I'm often asked how we stay positive through the difficult days. This question always takes me back to a specific moment where I found my self sobbing in a ball on our bathroom floor. Not quite the image of optimism or strength, but it's where it started.
In the wake of the overwhelming support and encouragement we have received this week after HeartThreads Docs shared our story on Facebook, I have been pulled into reflection on the year we have had. Some days it's easy to wake up and feel like it never happened. Some mornings the unseen marks on our minds and hearts show up a little deeper. Sometimes I feel like I've fully processed the fears and stresses we experienced, but most times I feel like I haven't even begin to see the impact that has been made.

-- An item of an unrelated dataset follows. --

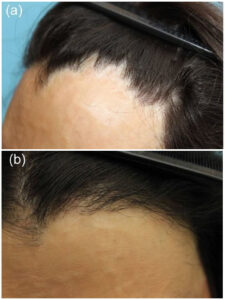burn scar alopecia examples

Tomorrow is the six month anniversary of Tommy's diagnosis. I won't share the statistics connected to this feat because they make me queasy, but just know, this is a HUGE milestone for esophageal cancer. We've been fighting for six months, and most days now it feels like we've beat it. He can eat normally, is working like crazy, and even performed in an Off-Broadway show this past weekend (it's unreal I know, he's a superstar).
I'm the kind of person who loves making lists. I love the feeling of completing a task, and checking it off. It's finished. I don't have to think about it again. I become very one track minded in my quest to complete a goal. I do not like to rest until a project is finished in every way.